Le Parlement va autoriser, par le biais d'un projet de loi d'habilitation - annoncée pour le 28 juin en Conseil des ministres -, le gouvernement à légiférer sur un sujet donné et dans un délai fixé. Puis l'Assemblée nationale et le Sénat valideront ou non l'ensemble des ordonnances via un projet de loi de ratification. Dans le temps imparti, Edouard Philippe et Muriel Pénicaud, sa ministre du Travail, devront rédiger leurs ordonnances, les faire valider par le Conseil d'Etat puis les adopter en Conseil des ministres.
 
La semaine dernière sur France 2, le Premier ministre Edouard Philippe a rapidement détaillé son calendrier : "Les ordonnances seront prises avant la fin de l'été.

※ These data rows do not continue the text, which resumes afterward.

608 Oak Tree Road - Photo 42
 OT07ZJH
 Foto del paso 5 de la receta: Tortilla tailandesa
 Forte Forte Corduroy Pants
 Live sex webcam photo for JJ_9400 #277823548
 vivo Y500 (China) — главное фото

La fin de l'été, c'est le 21 septembre. Donc avant cette date et la reprise de la session parlementaire normale." Après la publication des ordonnances au Journal officiel, la loi de ratification est la véritable étape sensible du processus : l'ordonnance n'acquiert en effet sa valeur législative qu'après l'adoption définitive - et globale - du Parlement.
 
Ce sont donc sur toutes les ordonnances publiées que députés et sénateurs devront se prononcer à l'automne. Il faut donc à Emmanuel Macron et Edouard Philippe une majorité confortable à l'Assemblée nationale et au Sénat - il y a des élections sénatoriales en septembre - pour éviter les mauvaises surprises.